▸ Assignment
The answer must consist solely of the lines below starting at the one containing "Skyline of apartment" and ending at the one containing "Sea foam over blue water", repeated exactly, with both ends included and all pictures omitted.

__________________________________________________

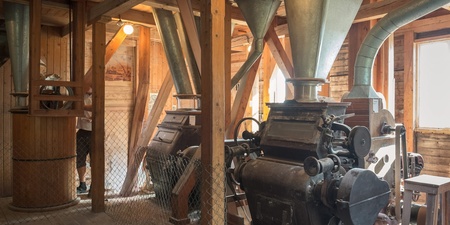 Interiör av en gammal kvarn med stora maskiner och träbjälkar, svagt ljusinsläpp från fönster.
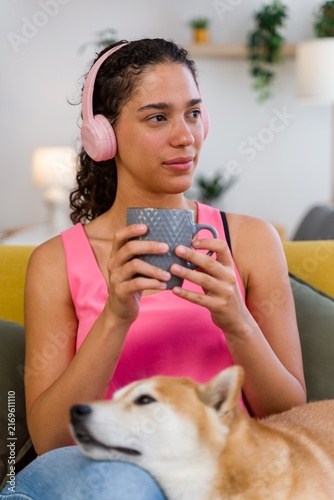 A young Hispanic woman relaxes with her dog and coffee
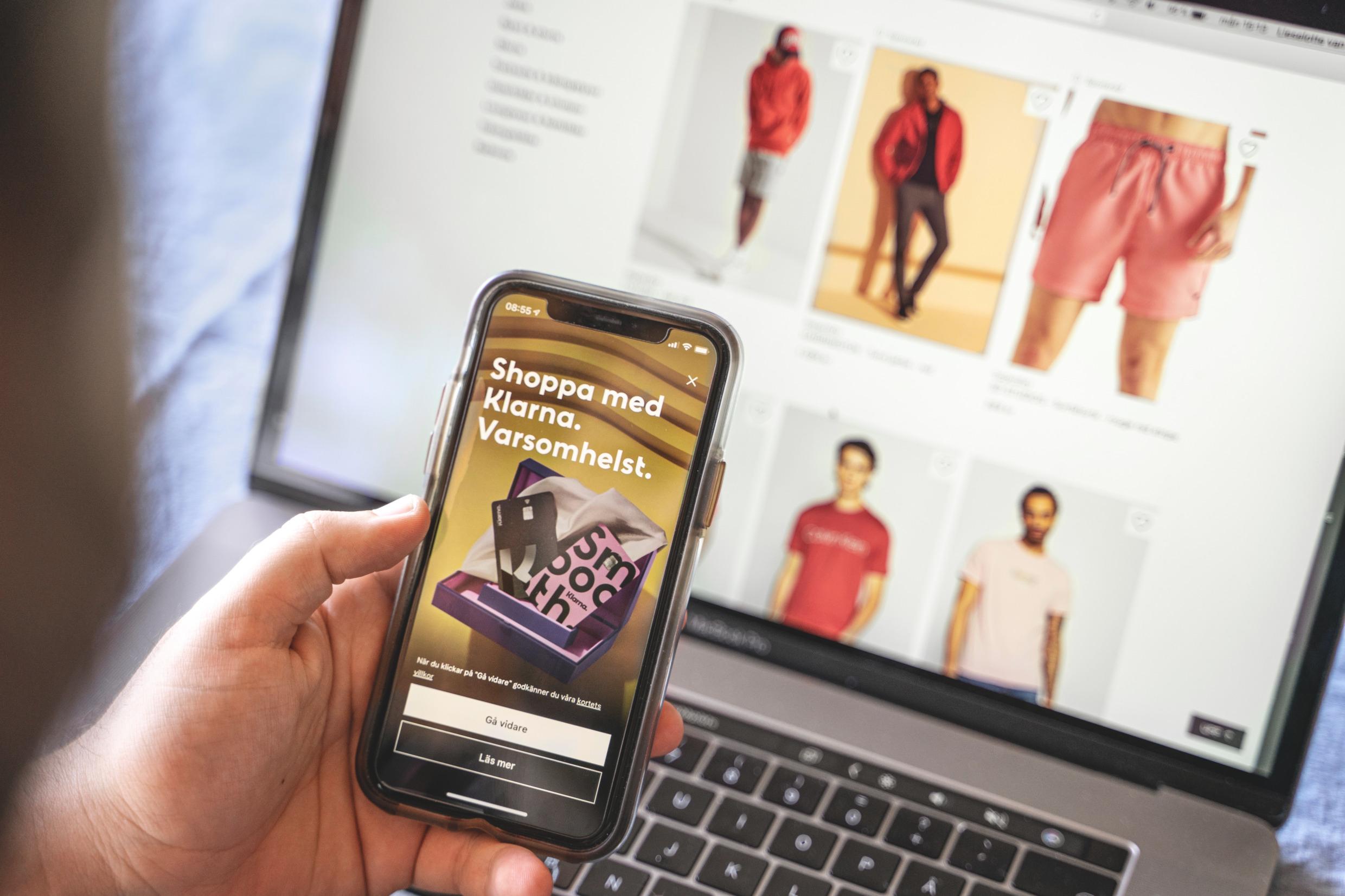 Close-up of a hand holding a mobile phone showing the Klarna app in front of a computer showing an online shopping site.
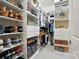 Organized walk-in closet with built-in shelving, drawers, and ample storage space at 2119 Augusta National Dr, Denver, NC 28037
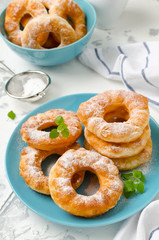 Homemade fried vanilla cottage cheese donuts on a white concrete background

__________________________________________________

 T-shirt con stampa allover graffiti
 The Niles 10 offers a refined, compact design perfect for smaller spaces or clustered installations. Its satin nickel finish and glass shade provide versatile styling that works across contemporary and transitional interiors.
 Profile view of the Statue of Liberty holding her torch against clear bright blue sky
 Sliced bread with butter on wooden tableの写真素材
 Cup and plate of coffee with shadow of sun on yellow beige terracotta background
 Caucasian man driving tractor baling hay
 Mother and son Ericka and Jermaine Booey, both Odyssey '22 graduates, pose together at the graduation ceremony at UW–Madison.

__________________________________________________

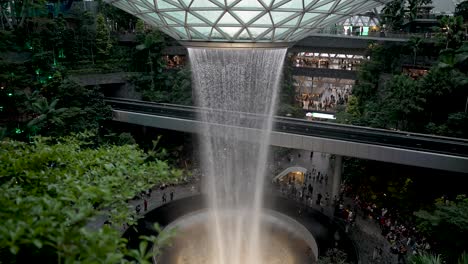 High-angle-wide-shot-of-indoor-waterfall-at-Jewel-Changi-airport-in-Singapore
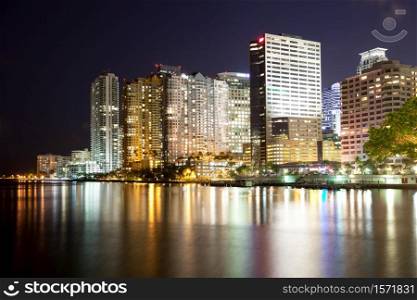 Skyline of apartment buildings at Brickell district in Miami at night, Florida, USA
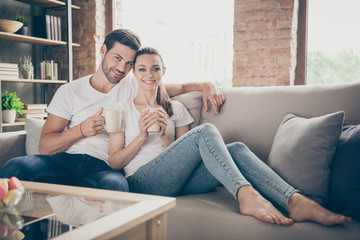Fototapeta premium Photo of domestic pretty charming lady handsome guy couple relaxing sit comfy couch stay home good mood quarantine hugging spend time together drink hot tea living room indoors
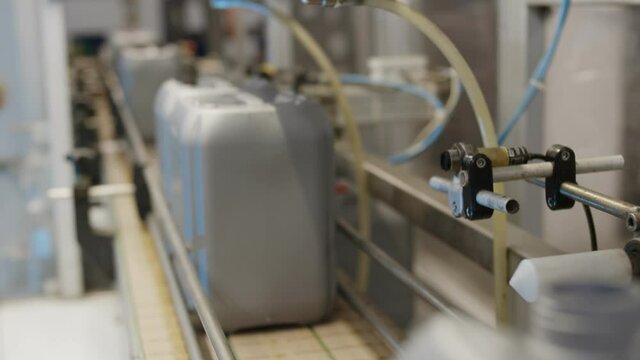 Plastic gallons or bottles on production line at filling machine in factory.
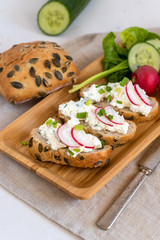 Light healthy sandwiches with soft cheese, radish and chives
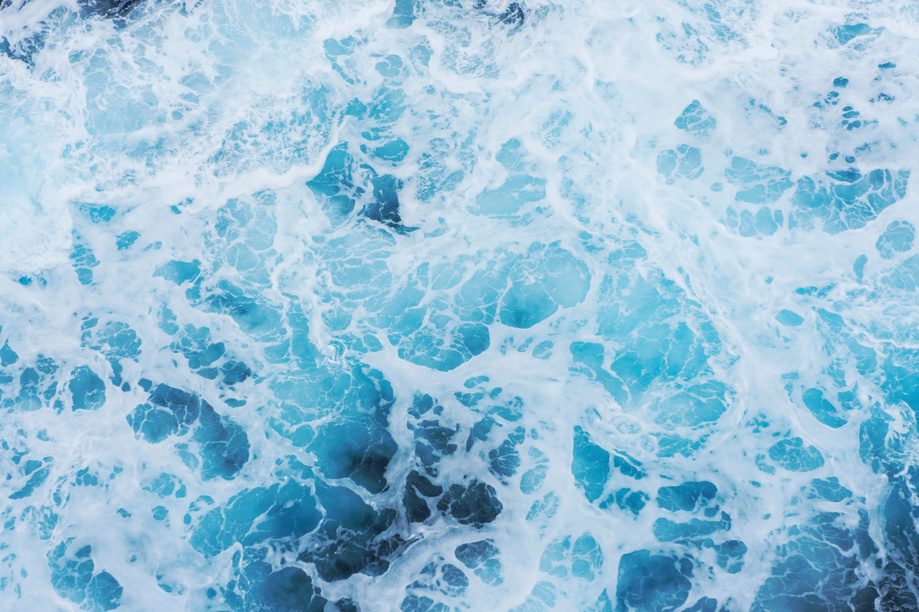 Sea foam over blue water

__________________________________________________

▸ Solution to this problem
 Skyline of apartment buildings at Brickell district in Miami at night, Florida, USA
Fototapeta premium Photo of domestic pretty charming lady handsome guy couple relaxing sit comfy couch stay home good mood quarantine hugging spend time together drink hot tea living room indoors
 Plastic gallons or bottles on production line at filling machine in factory.
 Light healthy sandwiches with soft cheese, radish and chives
 Sea foam over blue water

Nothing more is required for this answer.